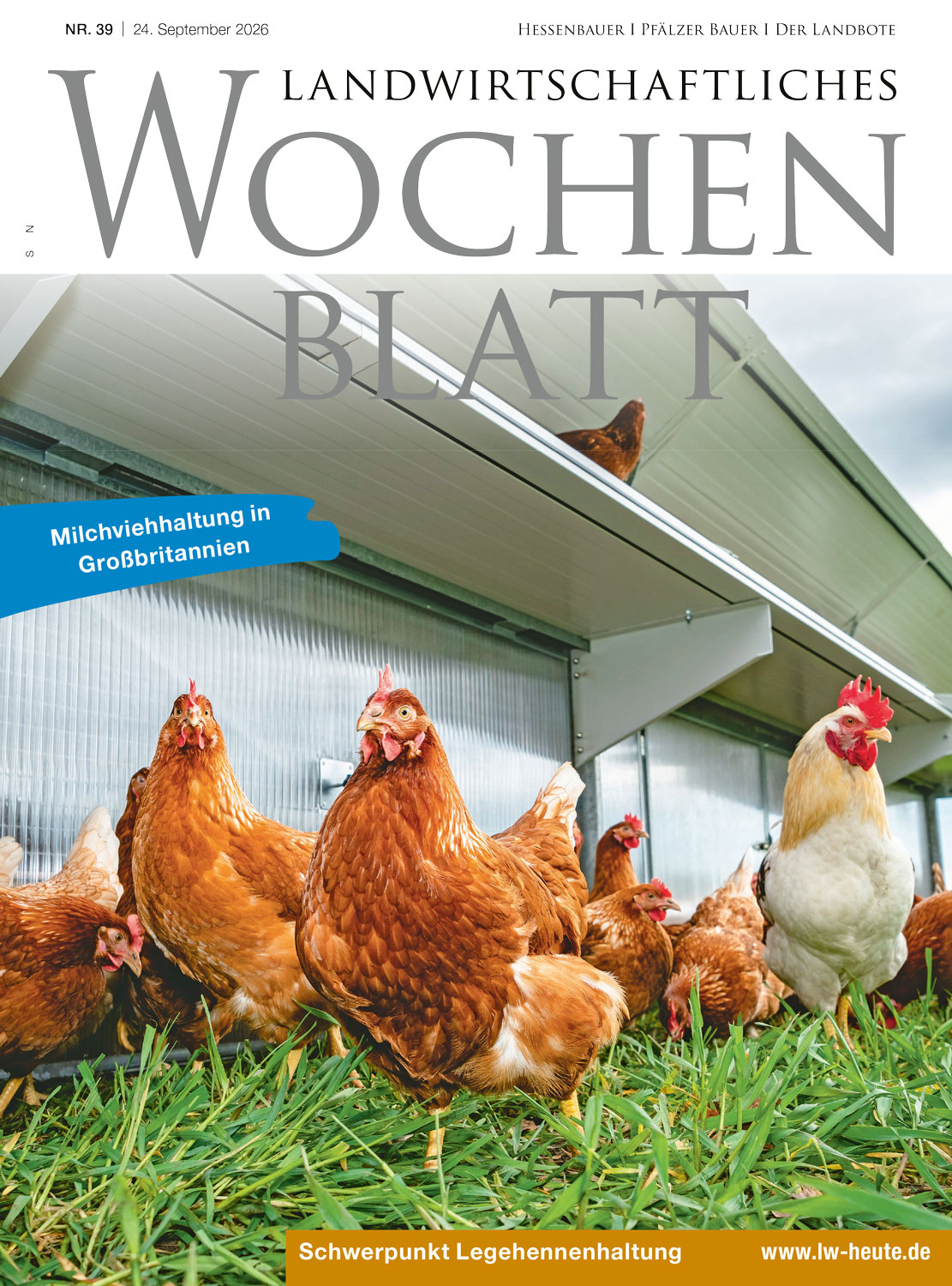 Titel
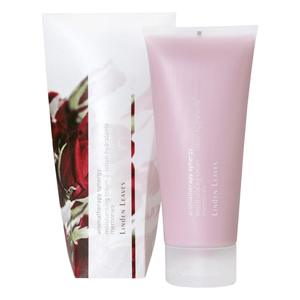 Linden Leaves Memories Moisturising Lotion 200ml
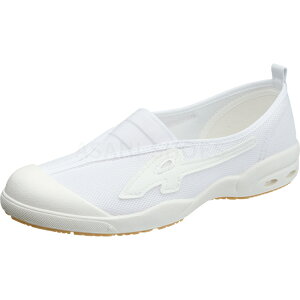 y|Cg15{11/15(y)z㗚 q C ATqhCXN[ 009EC XN[V[Y gh[ LbY WjA q j̎q ̎q ATqC Vw V(17.0`29.0cm/2E) KD3858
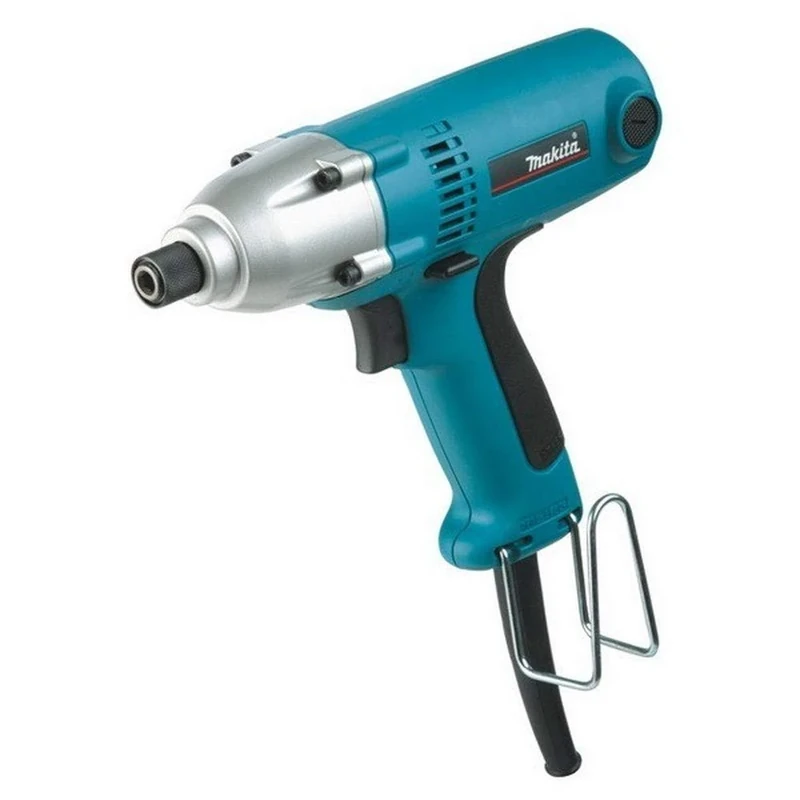 Makita Schlagschr.270W 0-3200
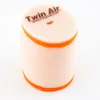 Twin Air Foam Air Filter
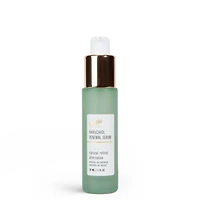 Bakuchiol Renewal Serum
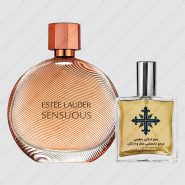 عطر ادکلن عطرمی مدل سنسوس زنانه – Atrmi Sensuous Women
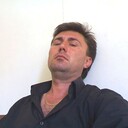 ���������� ����, ���� ������� ������, 34 ����, ������������ ��� ������, ����� � ���������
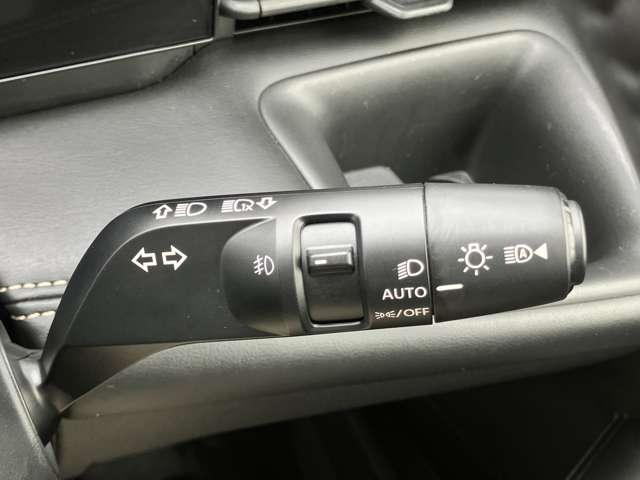 セレナ ハイウェイスターＶ　アイドリングストップ！３６０度セーフティアシスト！イクリプスナビ＆ＢＴ！インテリジェントアラウンドビューモニター＆ルームミラー！ハンズフリー両側パワースライドドア！ＬＥＤヘッドライ（49枚目）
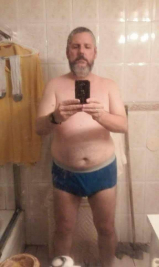 RICARDO GENDE PORN PICS MINES OK!!!!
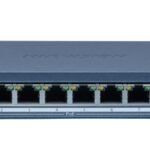 DS-3E1309P-EI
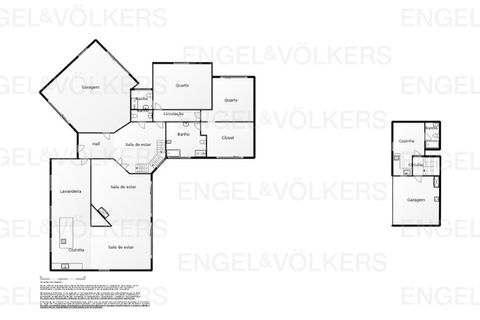 Villa i Corroios, Setubal, Corroios - € 1.590.000 | Ref: W-03067W - foto 37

**Exercise instructions:**
Would you reproduce the lines from the one with "セレナ ハイウェイスターＶ　アイドリング" through the final line of the data above, exactly and only those, without any pictures?

**Result for this exercise:**
 セレナ ハイウェイスターＶ　アイドリングストップ！３６０度セーフティアシスト！イクリプスナビ＆ＢＴ！インテリジェントアラウンドビューモニター＆ルームミラー！ハンズフリー両側パワースライドドア！ＬＥＤヘッドライ（49枚目）
 RICARDO GENDE PORN PICS MINES OK!!!!
 DS-3E1309P-EI
 Villa i Corroios, Setubal, Corroios - € 1.590.000 | Ref: W-03067W - foto 37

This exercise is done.